→ Given data

+--

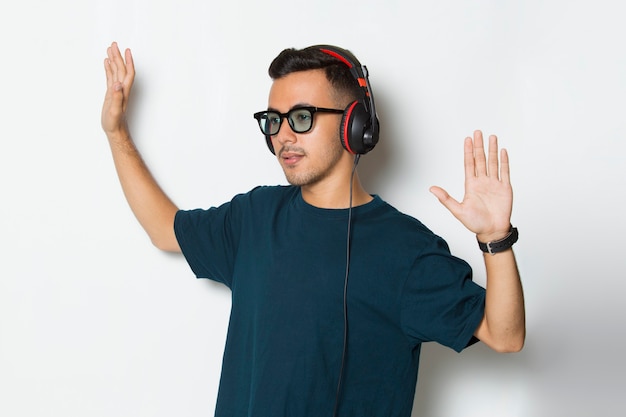 Heureux jeune homme écoutant de la musique dansant et s'amusant sur fond blanc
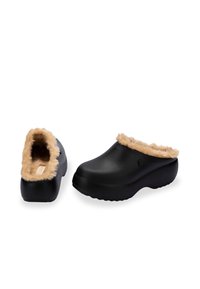 Czarne klapki z miękkim, jasnobrązowym sztucznym futrem w środku. Okrągły czubek, podwyższona podeszwa, teksturowane dno dla lepszej przyczepności, minimalne logo z boku.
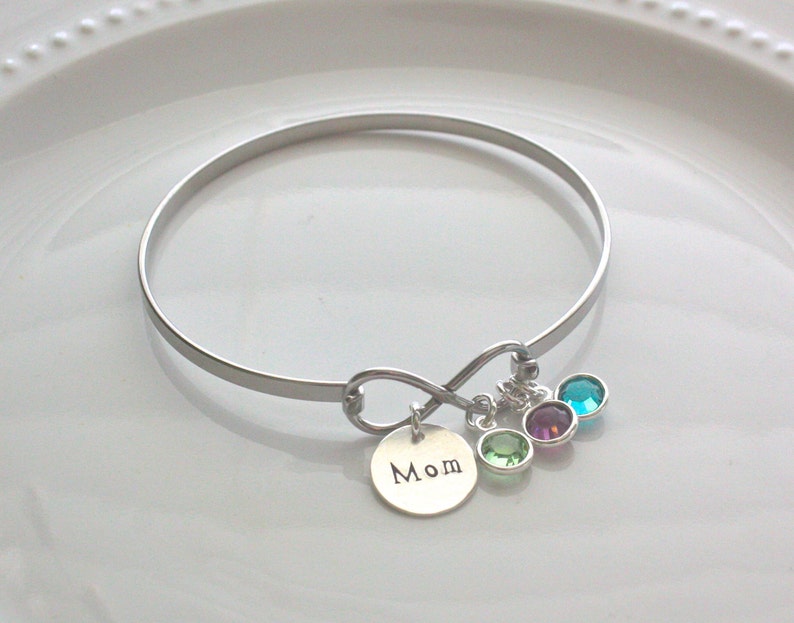 Może przedstawiać: Srebrna bransoletka typu bangle z zawieszką w kształcie nieskończoności i małą okrągłą zawieszką z napisem "Mom". Bransoletka posiada trzy kolorowe zawieszki z kamieni szlachetnych w kolorze zielonym, fioletowym i turkusowym. Prosta i elegancka biżuteria.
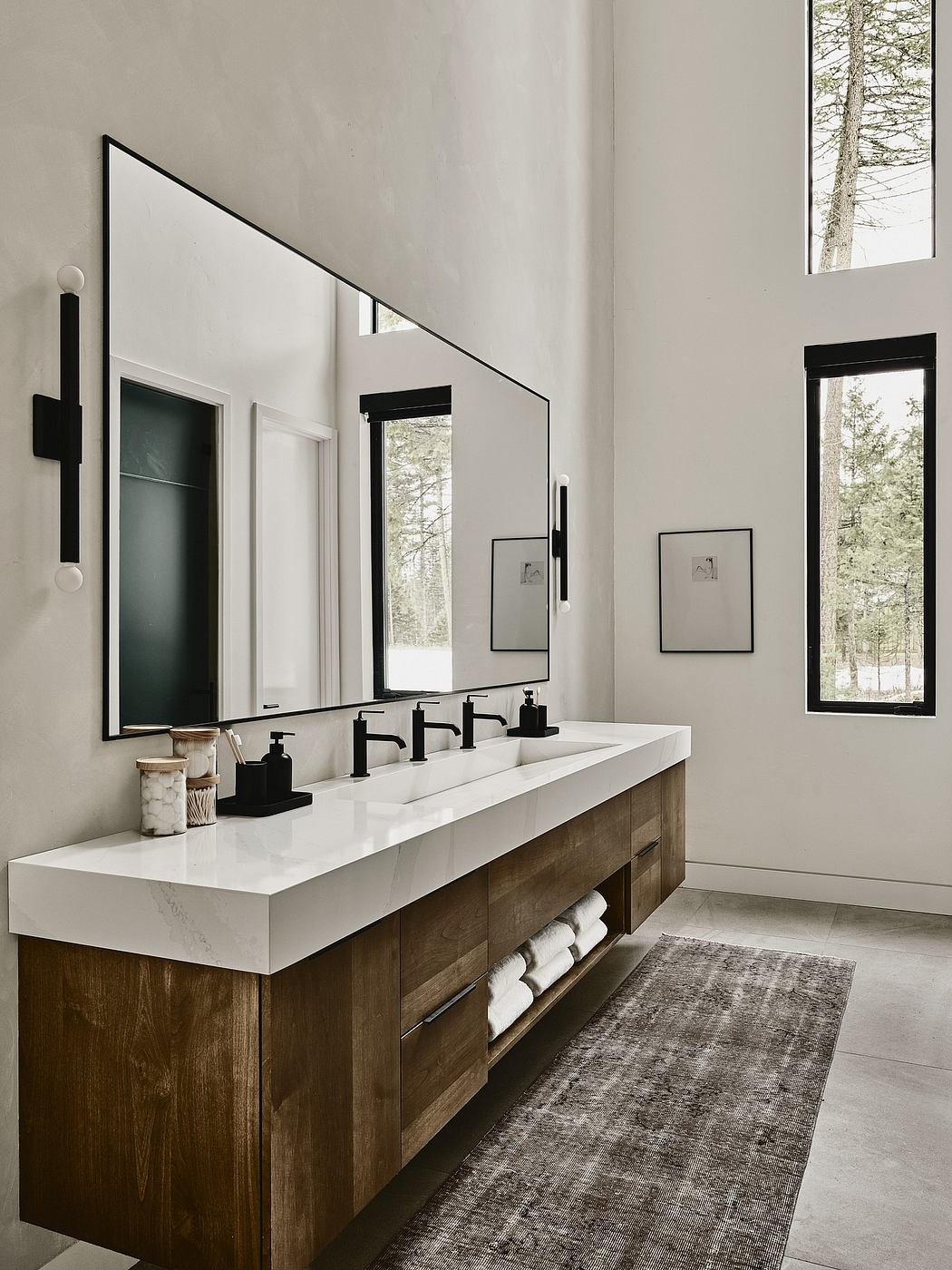 A modern bathroom with a double vanity, black fittings, and a large mirror framed in black.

+--

→ Prompt
Ignoring the pictures, write out word for word only the lines from the one containing "Czarne klapki z" through the last line of the data, both ends included.

→ Solution
 Czarne klapki z miękkim, jasnobrązowym sztucznym futrem w środku. Okrągły czubek, podwyższona podeszwa, teksturowane dno dla lepszej przyczepności, minimalne logo z boku.
 Może przedstawiać: Srebrna bransoletka typu bangle z zawieszką w kształcie nieskończoności i małą okrągłą zawieszką z napisem "Mom". Bransoletka posiada trzy kolorowe zawieszki z kamieni szlachetnych w kolorze zielonym, fioletowym i turkusowym. Prosta i elegancka biżuteria.
 A modern bathroom with a double vanity, black fittings, and a large mirror framed in black.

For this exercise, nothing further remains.